#### Entries supplied ####

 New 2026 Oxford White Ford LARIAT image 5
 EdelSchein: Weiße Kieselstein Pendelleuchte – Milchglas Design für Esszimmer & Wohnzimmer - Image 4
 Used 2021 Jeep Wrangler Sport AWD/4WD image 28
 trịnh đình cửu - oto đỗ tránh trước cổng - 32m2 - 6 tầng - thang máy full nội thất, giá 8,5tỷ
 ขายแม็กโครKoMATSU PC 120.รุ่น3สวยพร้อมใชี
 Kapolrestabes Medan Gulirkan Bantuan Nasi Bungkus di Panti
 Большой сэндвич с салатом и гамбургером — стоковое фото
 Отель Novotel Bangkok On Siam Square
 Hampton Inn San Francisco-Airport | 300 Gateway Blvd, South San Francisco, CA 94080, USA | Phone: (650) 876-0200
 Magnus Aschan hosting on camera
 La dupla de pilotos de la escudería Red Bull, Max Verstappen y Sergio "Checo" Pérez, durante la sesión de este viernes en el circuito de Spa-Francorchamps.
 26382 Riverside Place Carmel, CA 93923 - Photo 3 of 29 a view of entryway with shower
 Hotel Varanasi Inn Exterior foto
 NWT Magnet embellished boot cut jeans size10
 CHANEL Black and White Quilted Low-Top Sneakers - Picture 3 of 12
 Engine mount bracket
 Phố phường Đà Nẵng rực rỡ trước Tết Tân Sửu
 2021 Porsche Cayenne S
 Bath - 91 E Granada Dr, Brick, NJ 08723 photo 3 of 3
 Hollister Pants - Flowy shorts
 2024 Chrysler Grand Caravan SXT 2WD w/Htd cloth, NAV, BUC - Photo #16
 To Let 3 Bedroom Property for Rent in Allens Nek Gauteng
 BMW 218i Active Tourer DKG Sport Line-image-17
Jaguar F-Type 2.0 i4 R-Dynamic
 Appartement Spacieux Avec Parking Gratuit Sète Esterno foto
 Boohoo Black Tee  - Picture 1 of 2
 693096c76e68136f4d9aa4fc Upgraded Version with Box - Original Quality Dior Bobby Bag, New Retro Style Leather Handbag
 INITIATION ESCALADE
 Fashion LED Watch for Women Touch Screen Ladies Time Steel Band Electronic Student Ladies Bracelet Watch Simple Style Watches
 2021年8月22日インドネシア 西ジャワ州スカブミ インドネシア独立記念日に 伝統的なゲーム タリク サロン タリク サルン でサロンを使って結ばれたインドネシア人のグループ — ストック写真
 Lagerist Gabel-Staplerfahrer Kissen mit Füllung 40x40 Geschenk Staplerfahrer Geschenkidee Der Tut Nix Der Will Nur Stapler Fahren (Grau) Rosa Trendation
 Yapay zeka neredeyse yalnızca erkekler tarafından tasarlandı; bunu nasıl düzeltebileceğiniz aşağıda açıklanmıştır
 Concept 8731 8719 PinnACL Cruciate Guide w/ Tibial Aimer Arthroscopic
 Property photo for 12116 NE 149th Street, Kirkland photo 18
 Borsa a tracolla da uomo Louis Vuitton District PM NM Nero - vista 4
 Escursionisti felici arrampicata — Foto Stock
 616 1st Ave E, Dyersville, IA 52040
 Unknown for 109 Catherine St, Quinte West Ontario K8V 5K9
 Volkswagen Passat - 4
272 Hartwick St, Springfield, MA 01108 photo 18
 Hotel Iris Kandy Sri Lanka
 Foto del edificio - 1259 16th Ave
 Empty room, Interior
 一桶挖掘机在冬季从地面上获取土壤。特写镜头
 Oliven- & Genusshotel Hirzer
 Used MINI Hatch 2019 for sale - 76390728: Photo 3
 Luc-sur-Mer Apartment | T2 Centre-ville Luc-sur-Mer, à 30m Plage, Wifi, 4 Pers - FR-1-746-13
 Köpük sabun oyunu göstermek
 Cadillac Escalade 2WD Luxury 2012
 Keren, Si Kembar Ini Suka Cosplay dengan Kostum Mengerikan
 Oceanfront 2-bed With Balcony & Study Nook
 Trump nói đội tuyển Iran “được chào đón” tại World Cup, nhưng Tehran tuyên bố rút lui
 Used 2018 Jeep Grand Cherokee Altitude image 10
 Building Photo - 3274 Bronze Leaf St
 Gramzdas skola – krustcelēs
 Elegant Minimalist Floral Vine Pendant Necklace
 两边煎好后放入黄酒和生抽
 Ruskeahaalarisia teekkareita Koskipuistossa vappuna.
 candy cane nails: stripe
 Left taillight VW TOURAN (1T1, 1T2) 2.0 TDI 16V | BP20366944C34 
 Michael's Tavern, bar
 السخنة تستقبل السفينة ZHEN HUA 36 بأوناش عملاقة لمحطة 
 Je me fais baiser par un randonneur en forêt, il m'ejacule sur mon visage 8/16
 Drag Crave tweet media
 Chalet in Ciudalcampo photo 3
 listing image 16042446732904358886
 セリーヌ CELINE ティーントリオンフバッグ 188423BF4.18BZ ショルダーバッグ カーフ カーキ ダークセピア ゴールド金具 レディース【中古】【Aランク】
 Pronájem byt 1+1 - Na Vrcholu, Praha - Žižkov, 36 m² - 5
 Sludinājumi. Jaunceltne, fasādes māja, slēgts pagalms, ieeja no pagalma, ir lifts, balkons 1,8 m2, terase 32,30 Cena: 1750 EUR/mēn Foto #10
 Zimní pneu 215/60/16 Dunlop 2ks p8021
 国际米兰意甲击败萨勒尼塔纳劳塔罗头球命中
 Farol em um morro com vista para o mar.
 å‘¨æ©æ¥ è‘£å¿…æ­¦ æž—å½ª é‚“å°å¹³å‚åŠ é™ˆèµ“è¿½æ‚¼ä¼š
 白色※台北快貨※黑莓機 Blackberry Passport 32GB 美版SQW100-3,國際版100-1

####

Task requirements: Please return only the lines above, starting at the line that has "Jaguar F-Type 2.0 i4 R-Dynamic" and ending at the line that has "INITIATION ESCALADE", keeping both and leaving each one unchanged.

Expected answer:
Jaguar F-Type 2.0 i4 R-Dynamic
 Appartement Spacieux Avec Parking Gratuit Sète Esterno foto
 Boohoo Black Tee  - Picture 1 of 2
 693096c76e68136f4d9aa4fc Upgraded Version with Box - Original Quality Dior Bobby Bag, New Retro Style Leather Handbag
 INITIATION ESCALADE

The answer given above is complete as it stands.